Monday, June 15, 2009

Film Review: WHITE DOG (1982, Sam Fuller)

Stars: 5 of 5.
Running Time: 90 minutes.
Notable Cast or Crew: Kristy McNichol, Jameson Parker (SIMON AND SIMON, PRINCE OF DARKNESS), Paul Winfield (THE TERMINATOR, STAR TREK: THE WRATH OF KHAN, THE SERPENT AND THE RAINBOW, ORIGINAL GANGSTAS), Burl Ives, Paul Bartel cameo, cameo by Joe Dante-fav Dick Miller, music by Ennio Morricone, co-writer Curtis Hanson.
Tag-line: "When man's best friend becomes his fiercest enemy!"
Best one-liner(s): "Sour it!"

Alexander Pope's poem, 'On the Collar of a Dog': "I am his highness's dog at Kew/ Pray, tell me, sir, whose dog are you?" And indeed Sam Fuller's film, WHITE DOG, leaves you thinking that Sam believes there are many members of the human species more deserving of collars than dogs, and many forms of bigotry more vicious than the amorality of the animal world.

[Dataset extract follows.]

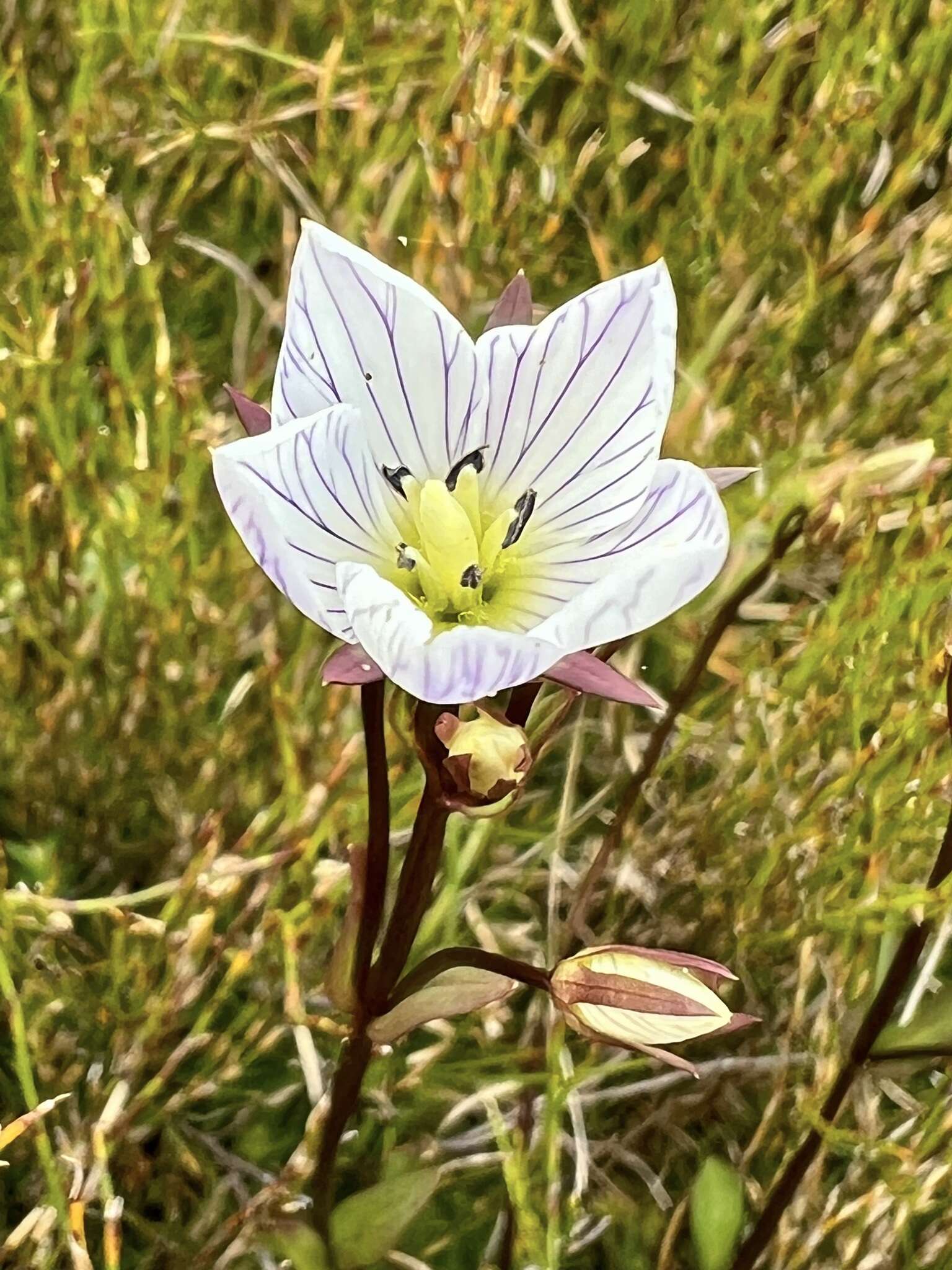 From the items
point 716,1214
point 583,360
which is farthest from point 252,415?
point 716,1214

I must say that I'm inclined to agree with him.

Long suppressed and unavailable to the masses, I'm happy to say that WHITE DOG lives up to the hype. At once wild entertainment and a serious statement on race, its sometimes restrained, sometimes over-the-top acting modes and masterfully emotive Ennio Morricone soundtrack make it feel very much like the work of crazed (but skilled) Europeans.

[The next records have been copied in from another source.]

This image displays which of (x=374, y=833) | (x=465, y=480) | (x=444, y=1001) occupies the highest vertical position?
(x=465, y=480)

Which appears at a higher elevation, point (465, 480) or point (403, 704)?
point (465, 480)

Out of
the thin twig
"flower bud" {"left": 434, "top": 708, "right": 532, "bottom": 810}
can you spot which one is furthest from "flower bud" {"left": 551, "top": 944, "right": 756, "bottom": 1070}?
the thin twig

Much of its success is due to the likability of it's characters- the waifish Kristy McNichol (the same year as THE PIRATE MOVIE!) exudes cheerful grace; Jameson Parker (sans moustache) is a fleeting friend/love interest; Burl Ives is a hilarious, R2-D2 hating (he flings syringes at what he sees as the death of animal stunts!), jolly, roly-poly old man ("Sour cream... Love it!");

Paul Winfield is the determined, black Ahab out to cure the elusive 'white dog;'

and we even get cameos from the likes of Paul Bartel, Dick Miller, and a cigar-chomping Mr. Fuller himself! The script, loosely adapted by Fuller and Curtis Hanson (THE RIVER WILD, L.A. CONFIDENTIAL) is at times ridiculous (in the best way possible), but always packs a punch. This tale of trying to "cure" racism (instead of ignoring it or trying to destroy it) is a touch nihilistic, but it is so well-structured and directed that it never rings false. Fuller takes you into the dog's world in a much more visceral way than say, AU HASARD BALTHAZAR (and I'm not talking merely about attack sequences), and the result is a primeval melancholy that's quite unlike anything I've ever seen. Five stars, and one of Fuller's best.